Spanish Painter and Printmaker

Movements and Styles: Surrealism, Biomorphism, Color Field Painting

Born: April 20, 1893 - Barcelona, Spain

Died: December 25, 1983 - Palma de Mallorca, Spain

Joan Miró Timeline

"The joy of achieving in a landscape a perfect comprehension of a blade of grass.. as beautiful as a tree or a mountain.. What most of all interests me is the calligraphy of the tiles on a roof or that of a tree scanned leaf by leaf, branch by branch."

Joan Miró Signature

Summary of Joan Miró

Persistent experimentation and a lifelong flirtation with non-objectivity stamped Joan Miró's magnificent mark on the art world. His canvas represented a sandbox for his subconscious mind, out from which sprang a vigorous lust for the childlike and a manifestation of his Catalan pride. His signature pictorial signs, biomorphic forms, geometric shapes, and abstracted and semi-abstracted objects helped inform a relentlessly original oeuvre in multiple media from ceramics and engravings to large bronze installations. His radically, inventive style was a critical contributor to the early-20th-century avant-garde's journey toward increasing and then complete abstraction. Although Miró has been associated with early Surrealism and has had an influence on Abstract Expressionists and Color Field painters, he remains one of modern art's greatest mavericks with a visual vocabulary unmistakably his own.

Key Ideas

Via his own Surrealism-inspired exploration, Miró invented a new kind of pictorial space in which carefully rendered objects issuing strictly from the artist's imagination became juxtaposed with basic, recognizable forms. His use of interior emotion to drive abstract expression would become a great influence on the Abstract Expressionists.
Even though he pared his forms to abstract schematics or pictorial signs and gestures Miró's art never settled into complete non-objectivity.
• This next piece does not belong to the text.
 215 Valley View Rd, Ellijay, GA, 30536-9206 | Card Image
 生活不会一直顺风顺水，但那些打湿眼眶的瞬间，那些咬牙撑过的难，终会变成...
Rather, he devoted his career to exploring various means by which to dismantle traditional precepts of representation.
Miró balanced the kind of spontaneity and automatism encouraged by the Surrealists with meticulous planning and rendering to achieve finished works that, because of their precision, seemed plausibly representational despite their considerable level of abstraction.
Miró often worked with a limited palette, yet the colors he used were bold and expressive. His chromatic explorations, which emphasized the potential of fields of unblended color to respond to one another, as well as his flat backgrounds with mild gradations of color, were valuable resources, providing inspiration for Color Field painters such as Helen Frankenthaler.
Miró was a modern renegade who refused to limit himself to visual exploration in a single medium. While he explored certain themes such as that of Mother and Child repeatedly throughout his long career, he did so in a variety of media from painting and printmaking to sculpture and ceramics, often achieving surprising and disparate results.
Joan Miró in his Barcelona studio (1955)
Joan Miró in his Barcelona studio (1955)

Though he lived a quiet life, rooted in Spain, Miró's was fiercely independent, at a 1978 exhibition he exclaimed, "I painted these paintings in a frenzy, with real violence so that people will know that I am alive, that I'm breathing, that I still have a few more places to go. I'm heading in new directions." He was 85.
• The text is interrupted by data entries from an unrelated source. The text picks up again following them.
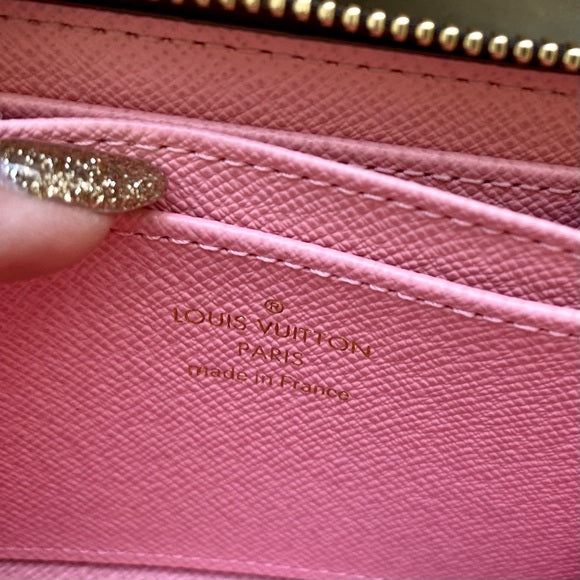 LO-LV bags 6901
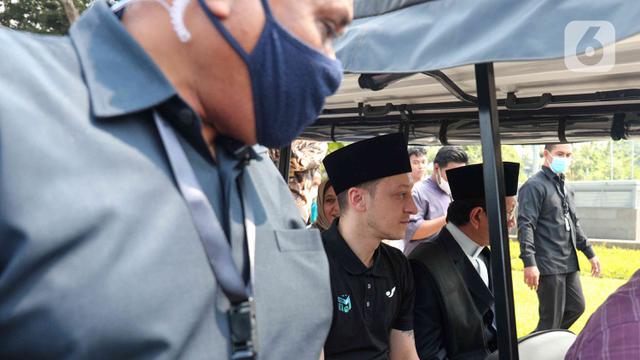 Mesut Ozil Penuhi Janjinya Sholat Jumat di Masjid Istiqlal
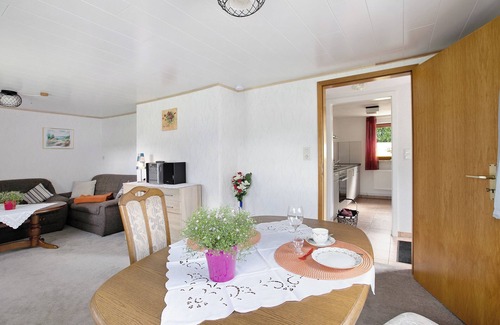 Boren Apartment | Apartment "An der Rehkoppel" with Private Garden & Wi-Fi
Important Art by Joan Miró Important Art and Analysis

The below artworks are the most important by Joan Miró - that both overview the major creative periods, and highlight the greatest achievements by the artist.

The Farm (1920-21)
Artwork Images Google images

The Farm (1920-21)

Artwork description & Analysis: A dramatically tilted picture plane presents a view of the artist's masia or "family farm," thronging with animals, farm implements, plants, and evidence of human activity. Miró explained, "The Farm was a résumé of my entire life in the country. I wanted to put everything I loved about the country into that canvas - from a huge tree to a tiny snail." The intensity of vision and almost maniacal attention to detail gives the work the quality of an eidetic memory, reconfigured in a dream, and prefigures his later Surrealist work.

As art critic Laura Cummings wrote, "every entity is given its own autonomous space in the picture, separately praised but connected by rhyming shapes," due to the "quasi-cubist space, tilted upright; and presumably because Miró is celebrating the thriving upward growth of home."
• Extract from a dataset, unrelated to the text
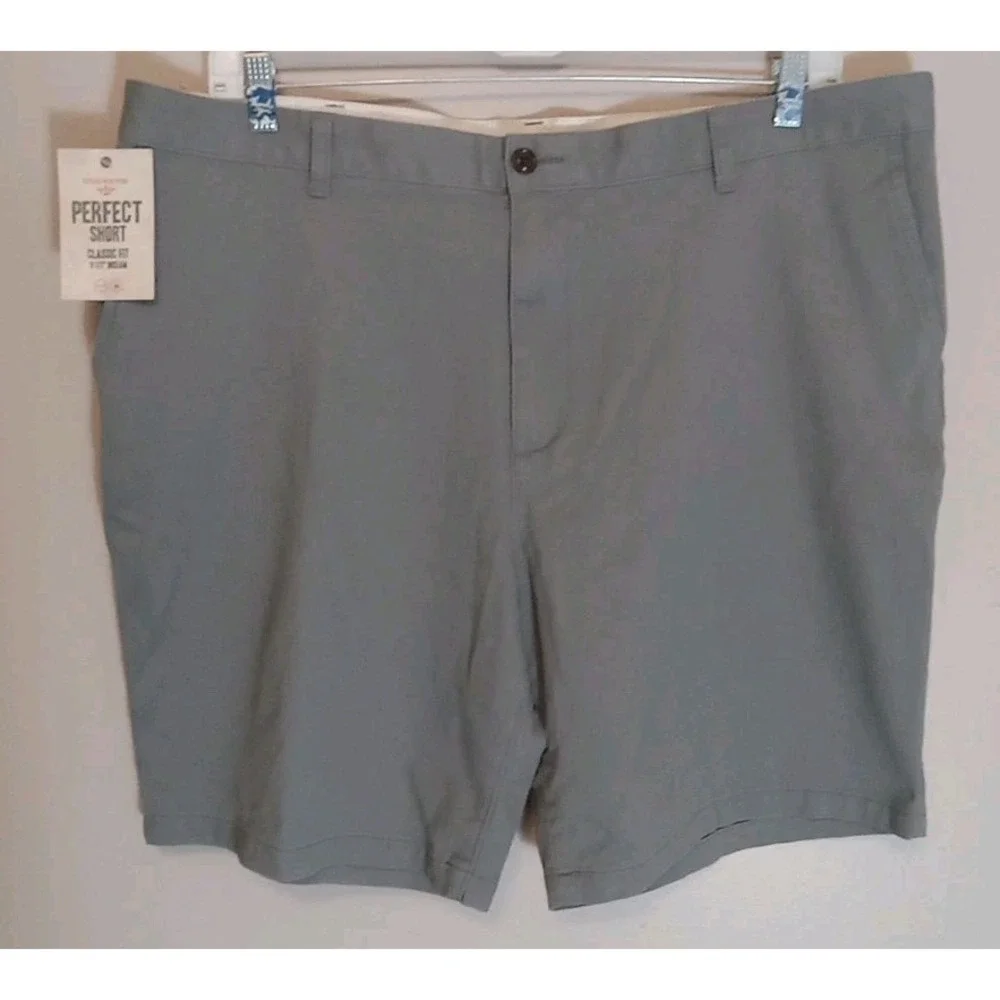 Dockers Men Grey‎ Classic Fit 9 1/2 Inseam Stretch Smartphone Shorts Size 42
The work illustrates important innovations signature to the artist as it includes various abstracted elements, like the black circle where the eucalyptus tree rises in the center, symbols like the two ladders, one with a goat standing on top, and the other with a rooster. Furthermore, as Cummings notes, in "his new way of painting... objects have a double life as letters - the E of a crate, the A of a ladder, the O of wheel, pail and sun - and everything is simultaneously inside the scene and written on its surface. The Farm is both picture and poem."

The artist considered this work among his most important, marking a turning point. While reflecting a number of influences, including Catalan folk art, a Romanesque sense of hierarchy where scale reflects importance, and a Cubist vocabulary, the work resisted settling into a style, exemplifying the artist's restless and iconoclastic approach.

After completing the work, Miró struggled to find a buyer in a Parisian modern art market that preferred Cubism. One dealer suggested cutting it into several smaller paintings for ease of sale. Fortunately, the artist had become friends with the writer Ernest Hemingway, then a struggling unknown, and, after hours of working the two would meet for boxing sessions to unwind. Hemingway was determined to buy The Farm and, after borrowing money and working as a grocery clerk, was able to purchase it and kept it throughout his life. As he wrote, "I would not trade it for any picture in the world. It has in it all that you feel about Spain when you are there and all that you feel when you are away and cannot go there."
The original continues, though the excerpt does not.